A U.S. citizen who languished three and a half years in Immigration and Customs Enforcement (ICE) detention and for five years was targeted for deportation is appealing a New York district court ruling that he should only be compensated for less than a month of his unlawful incarceration.
In an appeal filed in the Second Circuit Court of Appeals, Davino Watson, a U.S. citizen since 2002, argues it was unreasonable for the Department of Homeland Security (DHS) to rely on a June 2008 executive agency opinion to effectively strip him of his citizenship, detain him, and seek his deportation.
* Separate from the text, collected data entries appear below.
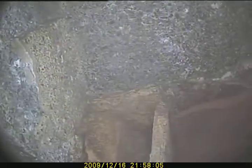Looking up. Embellishment. Missing flue tile. This flue is in very poor shape and must be relined.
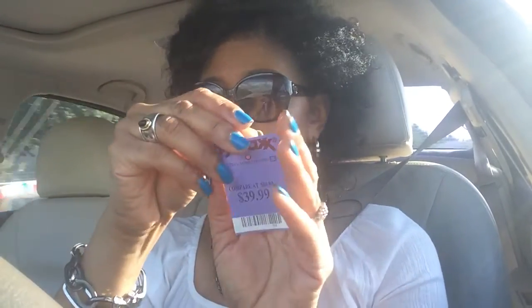I feel like I did pretty good. These retail at $80, so I got them for $39.99. I don't know how well you can see that, but yeah, I'm pretty excited about my sunglasses.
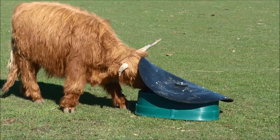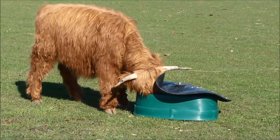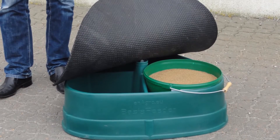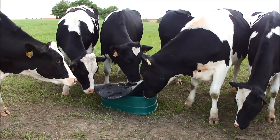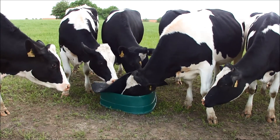Despite its compact size, the Basis Feeder is able to hold more than 100 kg of mineral supplements in three compartments, allowing the use of more mineral types at a time. It also provides a very good hold for mineral buckets which can stand protected in the feeder. The Basis Feeder can of course also be used for other types of cattle, for instance for dairy heifers.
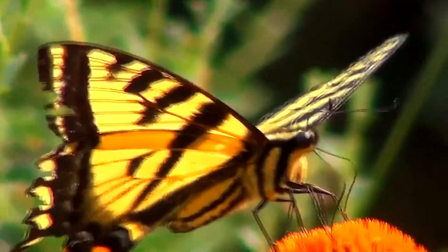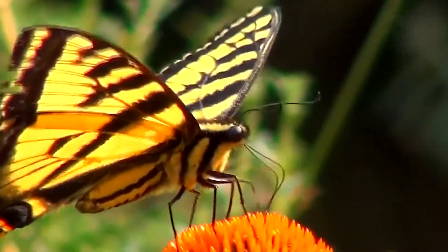They sip nectar by uncoiling and extending their long proboscis into a flower.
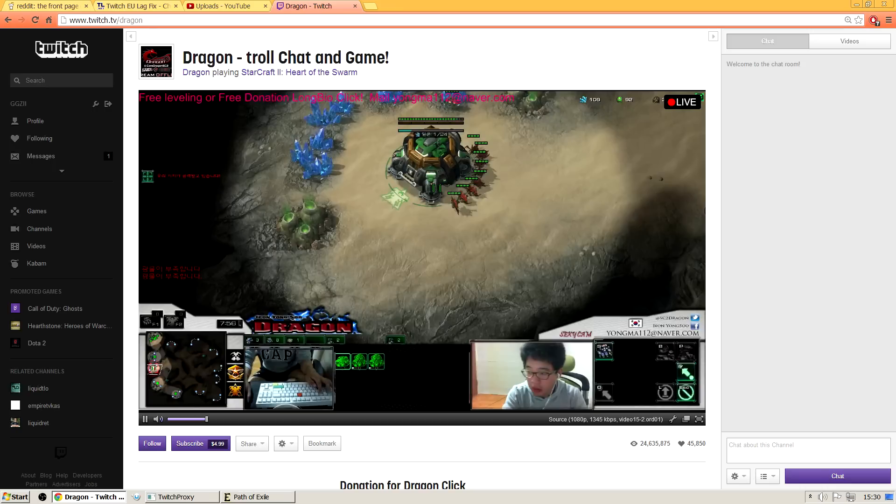That's how I've got it to be lag-free. If it works, great — if it doesn't, I don't know, but this is the only way I've managed to get it to work. You just install the extension, and each time you want to watch a stream you load up the Twitch proxy, leave the command prompt open, minimize it — whatever — and then just go and watch streams, and it works absolutely perfectly.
Mr. Watson was arrested by ICE in May 2008 and charged as a deportable national of Jamaica. U.S. District Court Judge Jack Weinstein was deeply troubled by DHS’s “repeated carelessness” and grossly negligent investigation (including relying on the wrong files) that resulted in Mr. Watson’s arrest, detention, and placement in removal proceedings. Mr. Watson, who did not have an attorney until the Second Circuit appointed one in 2010, repeatedly told DHS officials that he was a U.S. citizen, but the officials did nothing to investigate his claims, despite multiple agency policies that require prompt investigation and reporting of the claim up the chain of command. Instead of promptly bringing Mr. Watson before an immigration judge, DHS had him languish in custody for nearly 50 days before his first hearing. In the interim, the Board of Immigration Appeals (BIA), an executive agency of the Department of Justice, issued an opinion in a different matter that DHS continues to use to justify its inexcusable refusal to review Mr. Watson’s claims.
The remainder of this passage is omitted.